Written by Rory Grieve, reporter for sister publication Pivotl
Cybersecurity hits are coming fast, with scarcely a week going by without a massive hack. To tackle this, the UK is doubling the amount it spends on cybersecurity over the next five years. This comes amid warnings that terrorist groups such as ISIS are working on building their capability to launch cyber-attacks.
‘We will defend ourselves’
“The threats to our country in cyberspace come from a range of places – from individual hackers, criminal gangs, terrorist groups and hostile powers,” said chancellor George Osborne at the government communications headquarters (GCHQ).
‘‘To all of them I have a clear message.’’
‘‘We will defend ourselves. But we will also take the fight to you too.’’
‘‘We are increasingly confident in our ability to determine from where attacks come. We are stepping up not just the means of defence, but also the means to ensure that attacks on Britain are not cost-free,’’ continued the chancellor, who laid out a new plan for an additional £1.9 billion cyber investment, and detailed seven more departments that have settled ahead of the Spending Review.
‘‘To those who believe that cyber-attack can be done with impunity I say this: that impunity no longer exists.’’
This comes after a major hack of UK telecoms firm TalkTalk, the latest in a long line of hacks and a wide range of companies. Dating site Ashley Madison had to suspend its IPO after hackers leaked its records leaked online, a disaster for a service that promised privacy.
Cyber-attacks are often extremely complex, making it hard for organisations to respond. Even in the case of the high-profile Sony hack the culprit is still unknown, despite fingers being pointed at everyone from North Korea to disgruntled former employees. For most companies the main threats are from criminals rather than nation states or terrorist organisations.
“The main threat remains organised criminality, crime is becoming cyber enabled crime,” says Ken Hall, partner at KPMG Cyber Security. “We see highly sophisticated attacks by transnational groups able to operate with a degree of impunity, supported by a black market in tools, techniques and hacking services.”
Osborne also says the UK is “building our own offensive cyber capability”. It’s not the first time the UK has said this.
Back in 2011, then UK home secretary William Hague told The Sun that it was prepared to “strike first” against online foes. Corporate hacks only seem to be getting bigger since then, hence the increase in funding.

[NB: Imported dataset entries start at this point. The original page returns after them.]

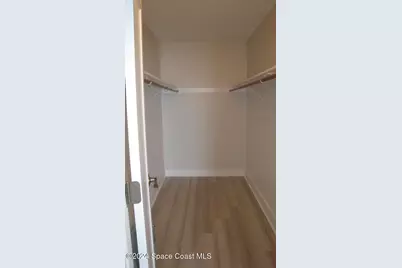 3873 S Banana River Boulevard #503, Cocoa Beach, FL 32931 - Photo 17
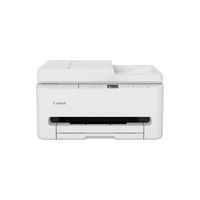 Canon Pixma TS 7550i - Multifunktionsgerät - Tintenstrahldruck
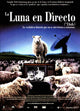 Dish Movie Poster Print showcasing vibrant cinematic artwork.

Working with companies is seen as increasingly important as more and more business moves online. Now the government is investing £20m ($30.4m) to develop an institute of coding that will help train 14-to-17-year-olds in cyber skills.
“It creates a National Cyber Security Centre for the first time, bringing together functions which were spread across various agencies to provide a single focus for business, academia and international partners,” said Hall.

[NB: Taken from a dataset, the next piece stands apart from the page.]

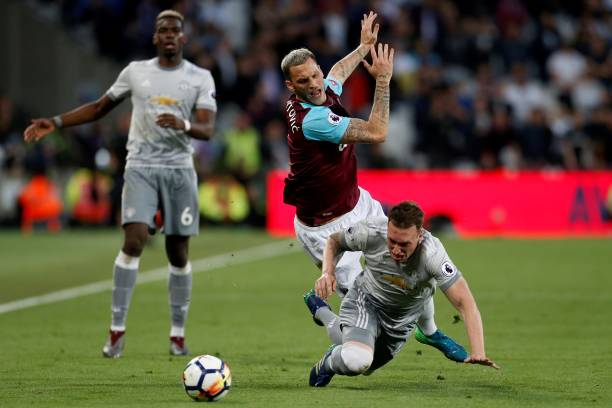 让我们共同 让我们共同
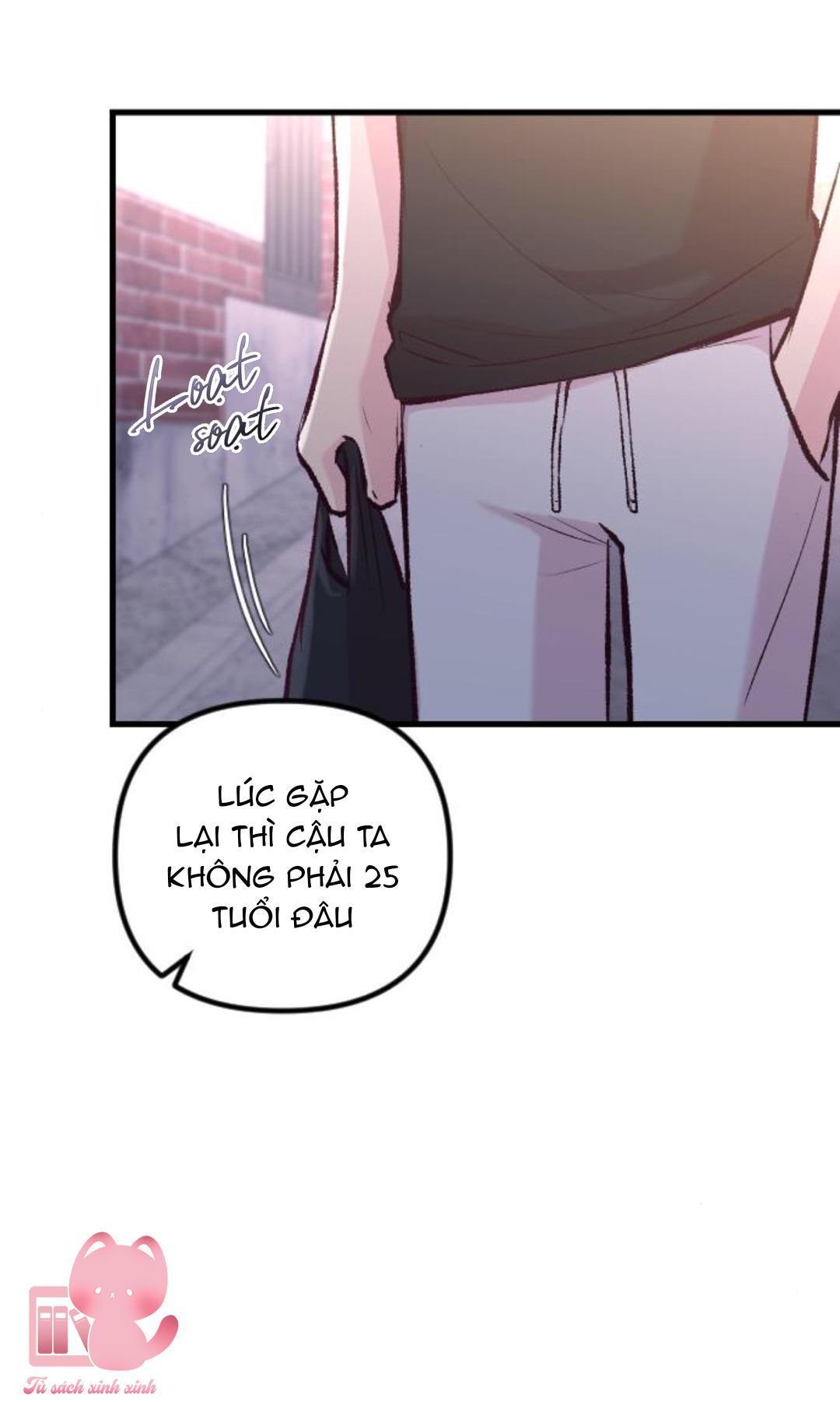 gặp nhau giữa trung gian chapter 10 50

“The government is ramping up spending, launching new initiatives and borrowing interesting ideas from other countries such as Israel.”

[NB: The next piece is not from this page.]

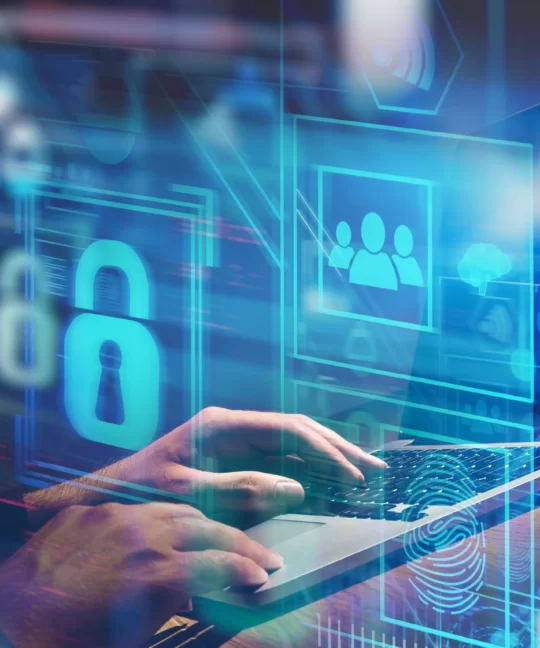 Choisir le bon programme de formation en maintenance informatique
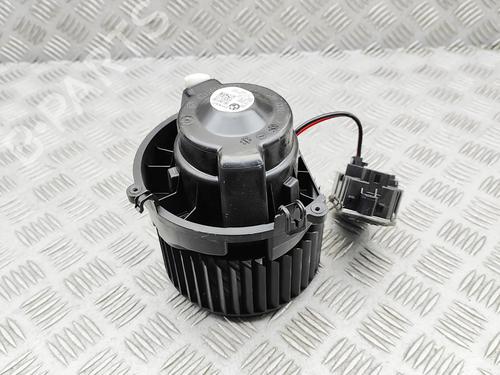 BP31315111M62 main image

IT security is big business, and as more of our lives move online securing data is only going to become more important. Part of these measures includes increased support for startups, with the UK government creating two cyber innovation centres.
“We will be establishing two cyber innovation centres – places where cyber startups can base themselves in their crucial early months, and which can become platforms for giving those startups the best possible support,” says Osborne.
Not all agree that the UK is good at cybersecurity, with a handful of startups even going abroad because of the government’s anti-encryption efforts.
Ind.ie is one firm that’s decided to leave the UK as the government’s hostility to secure encryption would compromise the integrity of its services. In particular it offers a social network and messaging service that promises privacy.
“We’re not going to stay in a country where we might be forced to backdoor our products and possibly not even be allowed to tell anyone about it,” says Ind.ie founder Aral Balkan in a blog post on its decision to leave the UK.
Eris Industries is especially sensitive to government moves on encryption as its business is industrial cryptography. The threat of the UK government moving to ban end-to-end encryption hostile to cryptography prompted Eris Industries to move to the US.
“Cryptography overwhelmingly protects legal businesses and ordinary people, not criminals and terrorists, from harm,” says Eris Industries COO Preston Byrne.
“From our new base in the US, which will be either temporary or permanent pending the outcome of the bill, we will continue to build useful, open source, and free-of-charge developer tools to enable a more secure, more efficient, and freer world.”